Fujifilm 27mm f2.8 Lens Review

Order Links

Fujifilm XF 27mm f2.8 Black – (Amazon) (Adorama)
Fujifilm XF 27mm f2.8 Silver – (Amazon) (Adorama)
B + W 39mm UV Filter Nano (010) – (Amazon) (Adorama)
B + W 39mm UV Filter Nano (007) – (Amazon) (Adorama)

Technical Stats

35mm Equiv – 41mm
Aperture Range – f2.8 – f16
Minimum Focus Range – 13.39″ / 34cm
Aperture Blades – 7
Design – 7 elements in 5 groups
Filter Threads: 39mm

Fujifilm X-Pro 2 – ISO 200 – f2.8 – 1/1600



Fujinon 27mm f2.8 – First Impressions

This lens is fantastic for how small and light it is. It makes Fujifilm’s smaller cameras even more compact and really helps photographers looking for a low profile camera system.

On an APS-C body the 27mm performs like a 41mm (35mm equiv) lens and optically seems pretty sharp. I’m noticing it performs better close than it does at infinity focus, but this is partly due to exaggerations of camera shake on objects far away when shooting hand held and the lens does not give you a lot of support for steading these smaller cameras, especially when dealing with the resolving power of 24 megapixels with Fujifilm’s newer cameras.

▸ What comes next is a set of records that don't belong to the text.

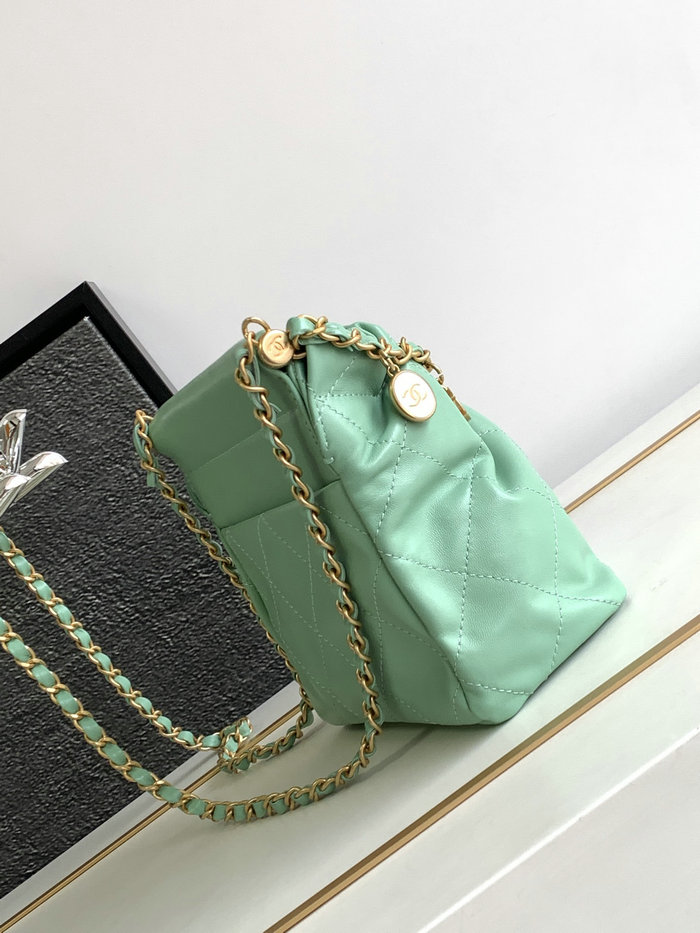 Chanel Small Bucket Bag Green AS3793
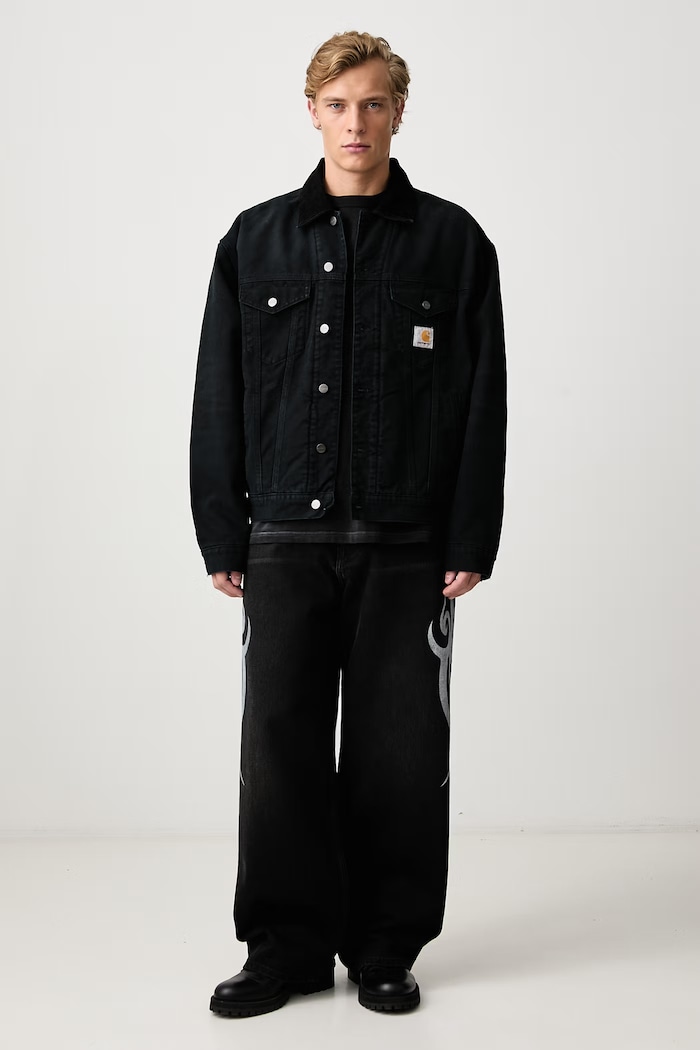 Carhartt WIP OG Trucker Jacket short jacket cotton Men's I037058 black AW26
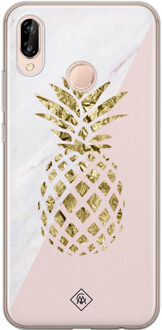 Casimoda Huawei P20 Lite siliconen hoesje - Ananas Roze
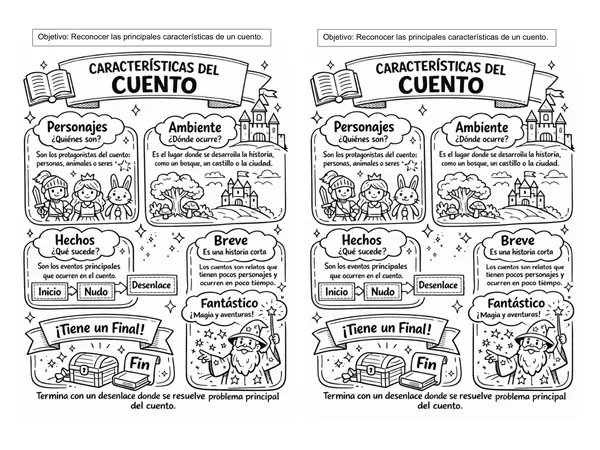 Ficha características del cuento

One thing that also happened was when I first put this lens on my X-Pro 2 firmware v1.0, I was getting a ton of back focusing. It wasn’t missing, it was just always focusing on the background. After upgrading the firmware of the X-Pro 2 and the firmware of the lens, I no longer have focus problems.

Ultimately I’m very happy with this lens and it’s been my #1 travel lens despite having many other great lenses to choose from. I especially love it with my X-Pro 2 but it’s also a fun lens to use with the X-T2 as well. I’ll show some samples of what it looks like on those two cameras later.

Fujifilm X-Pro 2 – ISO 1250 – f5.6 – 1/60


Shooting 41mm

It’s always hard deciding between shooting a proper 35mm and a 50mm. The Fujinon 27mm gives you a field of view of about 40mm. After using this lens a lot, I’ve come to the conclusion that it’s now my favorite field of view to shoot with. 35mm is often too wide and you find yourself needing to get very close to the action. 50mm seems like it’s too telephoto sometimes and you find yourself having to move way back when trying to capture a large scene. 40mm for street photography just seems right, that of course, is my opinion.


The Slower Speed

At first I wasn’t too excited about a lens that only shoots f2.8, however, after using the 35mm f2 and the 23mm f1.7 extensively, I’ve come to realize that those lenses don’t really resolve good detail until about f2.8 anyway and I find myself almost never shooting much lower than f2.


The Catch?

It’s a great lens, it really is, it’s small light, and sharp, the only problem I have with it is the price. It’s a bit over priced. Canon offers their full frame pancake lenses with a similar field of view for around $200 bucks and it often goes on sale for $150.

The Fujinon 27mm f2.8 goes for $450 and goes on sale for $350.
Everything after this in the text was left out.